Conservators: You might be wondering why we need conservators at all if you can simply sign a power of attorney to name a fiduciary. The answer is that many people never bother to sign a power of attorney. When those people become ill or go missing, somebody needs to be appointed to handle their affairs. Sometimes, a conservator is necessary for people who have signed a power of attorney, either because of fiduciary misconduct (the attorney-in-fact is stealing money, for example) or because the fiduciary requires powers that were not granted by the power of attorney. Conservatorships are time consuming to obtain and, if you hire an attorney to help you, you must pay legal fees. Even uncontested conservatorships can cost a few thousand dollars in attorney’s fees. Conservatorships come with court oversight and, often, continued court involvement.
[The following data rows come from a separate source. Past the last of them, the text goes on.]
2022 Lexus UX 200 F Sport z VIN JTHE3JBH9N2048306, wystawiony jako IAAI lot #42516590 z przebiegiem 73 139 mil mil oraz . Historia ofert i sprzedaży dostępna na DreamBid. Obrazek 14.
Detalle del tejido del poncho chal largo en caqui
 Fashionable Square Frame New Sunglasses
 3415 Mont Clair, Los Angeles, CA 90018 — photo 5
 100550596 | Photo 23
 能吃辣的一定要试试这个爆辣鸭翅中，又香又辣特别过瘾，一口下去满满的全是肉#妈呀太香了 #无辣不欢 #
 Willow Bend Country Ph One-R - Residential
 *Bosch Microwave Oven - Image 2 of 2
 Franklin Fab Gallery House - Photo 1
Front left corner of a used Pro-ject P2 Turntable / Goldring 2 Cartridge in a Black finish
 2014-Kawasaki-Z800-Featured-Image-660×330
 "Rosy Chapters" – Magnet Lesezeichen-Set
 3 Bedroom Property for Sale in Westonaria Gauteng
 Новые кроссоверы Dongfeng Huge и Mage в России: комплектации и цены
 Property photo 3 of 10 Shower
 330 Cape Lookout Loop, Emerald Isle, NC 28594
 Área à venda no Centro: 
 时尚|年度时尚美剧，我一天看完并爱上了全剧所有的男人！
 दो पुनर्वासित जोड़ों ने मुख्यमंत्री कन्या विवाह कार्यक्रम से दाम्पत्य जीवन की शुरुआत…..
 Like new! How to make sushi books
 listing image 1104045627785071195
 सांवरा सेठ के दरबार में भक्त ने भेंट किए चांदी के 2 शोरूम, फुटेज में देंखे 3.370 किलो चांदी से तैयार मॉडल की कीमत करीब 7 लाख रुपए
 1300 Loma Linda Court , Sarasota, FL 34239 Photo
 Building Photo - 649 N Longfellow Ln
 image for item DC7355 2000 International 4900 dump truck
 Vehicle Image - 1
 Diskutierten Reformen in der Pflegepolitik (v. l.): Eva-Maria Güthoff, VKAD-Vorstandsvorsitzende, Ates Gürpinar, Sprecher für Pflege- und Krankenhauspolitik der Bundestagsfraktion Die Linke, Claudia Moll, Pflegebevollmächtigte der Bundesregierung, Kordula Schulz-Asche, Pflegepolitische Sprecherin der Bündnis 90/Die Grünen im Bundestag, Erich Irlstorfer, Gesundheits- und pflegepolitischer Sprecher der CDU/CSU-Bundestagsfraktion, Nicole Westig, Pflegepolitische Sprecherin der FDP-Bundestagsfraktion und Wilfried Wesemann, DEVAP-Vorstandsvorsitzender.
There is both a Conservator and an Attorney-in-Fact, and they disagree about what to do. Who wins? The conservator. The new Massachusetts Uniform Probate Court, M.G.L. c. 190B § 5 is quite clear that the attorney-in-fact is accountable to a conservator, and the conservator has the power to revoke or amend the power of attorney. If the conservator does not like what the attorney-in-fact is doing, he or she can simply revoke the power of attorney.


This is a very short version of guardians vs. conservators, but don't worry! I'll be addressing more complex details in future posts.